Cost drops from £4.5m to £1.8m
Ecclesiastical has noted a drop in the cost and number of metal theft claims in 2012, compared to 2011.
The insurer said that it registered about 930 such claims from Anglican churches last year, worth £1.8m. In 2011, Ecclesiastical recorded more than 2,600 claims, worth almost £4.5m.
In a statement, the insurer said that the decrease could be the result of government efforts to tackle the crime, as well as tougher measures by transport and utilities companies. Ecclesiastical also supplied church roof alarms to many buildings to prevent lead theft from roofs.
Ecclesiastical director of church insurance John Coates said: “These figures are hugely encouraging but it would be premature to predict the end of the epidemic of metal theft. Nine hundred and thirty claims are still 930 claims too many. Metal theft incidents are still running well above levels seen in the 1990s and early 2000s, when metal theft was so infrequent we saw fewer than 10 church claims a year.
“There are still areas in the country where metal theft incidents are far too frequent. For example, according to our claims statistics, the worst-affected areas for church metal theft in 2012 were the Salisbury, Chelmsford, Winchester, Chichester and Birmingham dioceses.

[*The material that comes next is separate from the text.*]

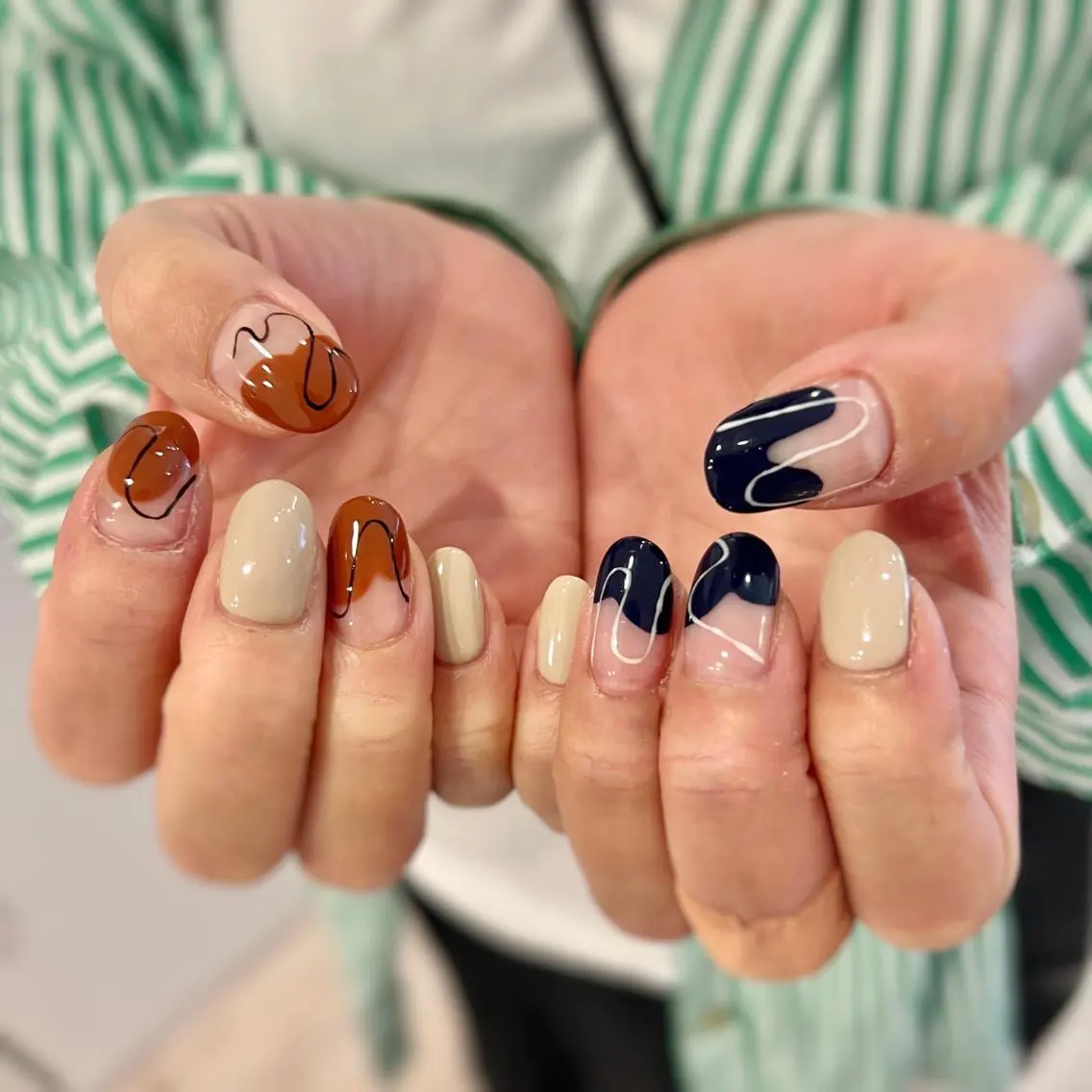 ネイル フレンチネイル 持ち込み ネイビー ニュアンスネイル オフィスネイル ハンドネイル REHTOF |朝7時Open☀️のネイルデザイン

“Even though the numbers are pointing in the right direction, it’s going to take a concerted effort for years to come from businesses, politicians and law enforcement agencies to ensure our heritage is safe from these heartless, predatory criminals.”
Coates added that the government’s move to ban cash payments for the sale of scrap metal and the Scrap Metal Bill will help stem the problem further.
Ecclesiastical insures more than 96% of the UK’s Anglican churches.